# Task to carry out
Below is a listing; repeat exactly the lines from the one containing "Day in the Life - Aksel Vibe" to the one containing "The White Shadow", both included.

# Recorded information
-- Opening Marker --
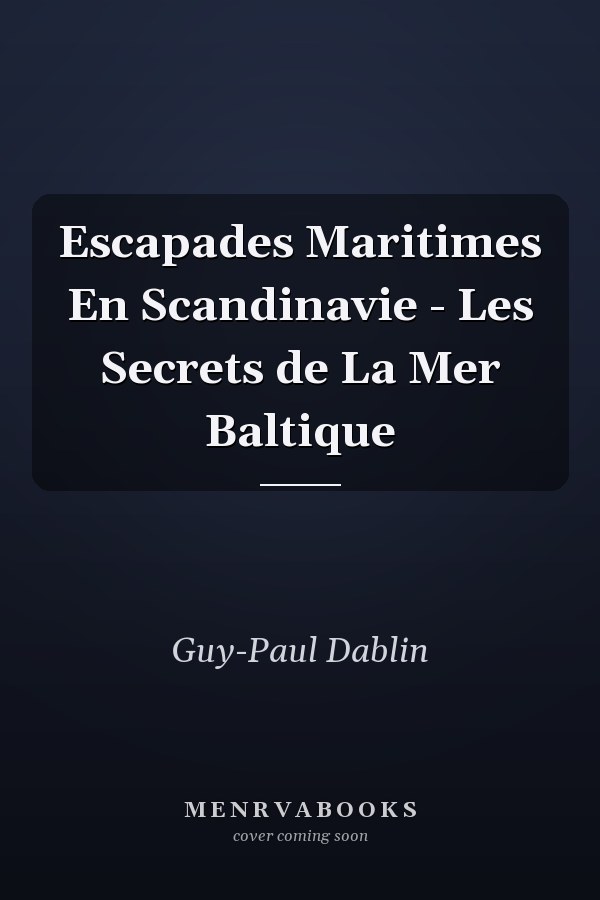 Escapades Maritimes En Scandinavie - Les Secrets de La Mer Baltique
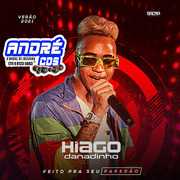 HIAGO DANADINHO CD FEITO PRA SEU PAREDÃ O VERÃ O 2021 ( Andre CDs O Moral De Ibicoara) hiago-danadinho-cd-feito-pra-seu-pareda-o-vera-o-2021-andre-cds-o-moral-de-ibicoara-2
-- Closing Marker --
-- Opening Marker --
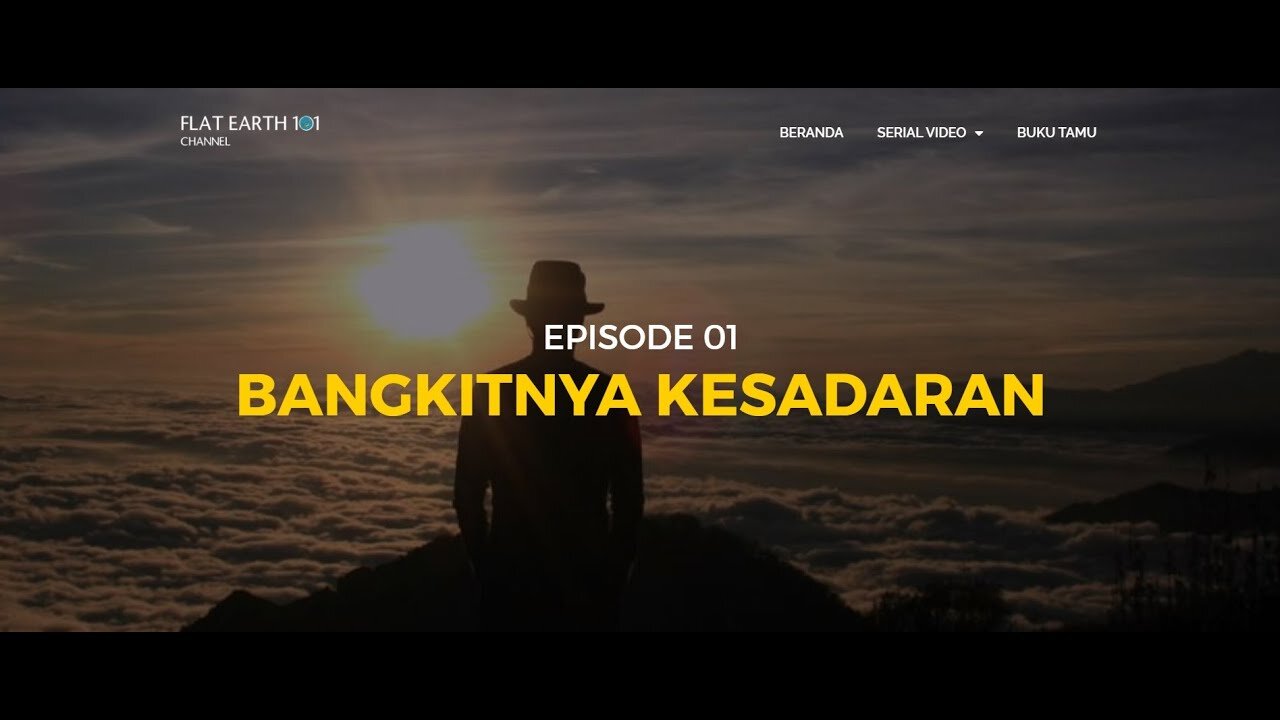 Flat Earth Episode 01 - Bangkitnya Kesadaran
-- Closing Marker --
-- Opening Marker --
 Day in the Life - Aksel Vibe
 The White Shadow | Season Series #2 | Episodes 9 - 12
-- Closing Marker --
# Output of the exercise
 Day in the Life - Aksel Vibe
 The White Shadow | Season Series #2 | Episodes 9 - 12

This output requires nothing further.